Un occhio di riguardo è riservato alle donne: il progetto punta a favorire l’accesso al reddito monetario e a promuovere la loro presenza attiva nella lavorazione e nella vendita del riso.
Si inseriscono in questo solco anche le iniziative di aiuto umanitario svoltesi nel 2021 in Etiopia con l’obiettivo di favorire il trattamento e la prevenzione della malnutrizione acuta tra i bambini.
Queste forme di finanziamento puntano inoltre a ridurre quella che viene conosciuta come “malnutrizione da pancia gonfia”. Il kwashiorkor è caratterizzato da una forte ritenzione di liquidi e da un accentuato gonfiore corporeo ed è la conseguenza dell’assenza o della scarsa assunzione di proteine con la dieta, una condizione diffusa nei Paesi in via di sviluppo.
Quando a mancare sono le risorse idriche
A rendere complessa la situazione di molti tra i Paesi più poveri è, oltre alla mancanza del cibo, anche la carenza di acqua. Secondo quanto messo in luce all’interno del rapporto “Progress on household drinking water, sanitation and hygiene (WASH) 2000-2022: Special focus on gender” recentemente pubblicato dall’Unicef e dall’Oms, nel mondo si contano oltre 1,8 miliardi di persone prive di risorse idriche.
Un’assenza che pesa maggiormente per le donne: a loro spetta infatti, in modo molto più diffuso, l’impegno di raccogliere l’acqua per tutta la famiglia. Un compito gravoso, pesante, in cui alla fatica fisica si aggiunge la riduzione del tempo da dedicare, a seconda dell’età, al gioco, all’istruzione o al lavoro.
La mancanza di servizi igienici all’interno della propria abitazione porta con sé, oltre all’assenza di privacy e riservatezza, anche a un aumento dei rischi legati alla salute e una maggiore difficoltà nella gestione delle mestruazioni.
Anche in questo ambito sono state introdotte iniziative e misure ad hoc da parte dell’Unione Europea, utilizzando i finanziamenti previsti dai fondi di coesione. Da citare, ad esempio, quanto fatto a San Salvador tramite il progetto del 2014 “Accesso all’acqua e ai servizi igienico-sanitari: empowerment delle donne e inclusione sociale nella microregione di Morazan Nor” e le attività di aiuto umanitario del 2021 dal titolo “Garantire l’accesso al diritto all’acqua e ad un ambiente salubre negli insediamenti informali e in risposta all’epidemia di COVID-19 per i bambini vulnerabili libanesi e non libanesi e le loro famiglie”.
Si tratta di piccoli passi che, piano piano, permettono di migliorare le condizioni di vita di moltissime persone.
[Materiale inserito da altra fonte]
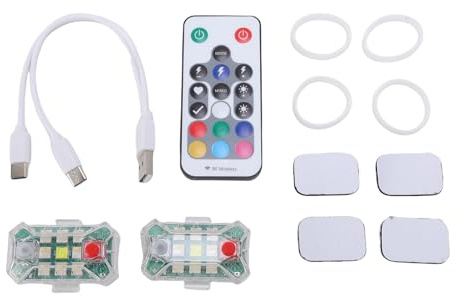 Marhynchus Luces Estroboscópicas LED de 2 Piezas RGB Luces Estroboscópicas Recargables Inalámbricas con Control Remoto 10 Modos IP65 de Advertencia Anti Colisión Impermeables para Al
I risultati non stanno tardando ad arrivare: secondo l’Unicef, infatti, tra il 2015 e il 2022 l’accesso all’acqua potabile gestita in modo sicuro è cresciuto notevolmente, passando dal 69% al 73%.
La strada è lunga, ma la direzione è quella giusta. Entro il 2030 si punta infatti a raggiungere un risultato ambizioso: il target degli Obiettivi di sviluppo sostenibile prevede infatti l’accesso universale all’acqua potabile, un bene che può e deve essere alla portata di tutti.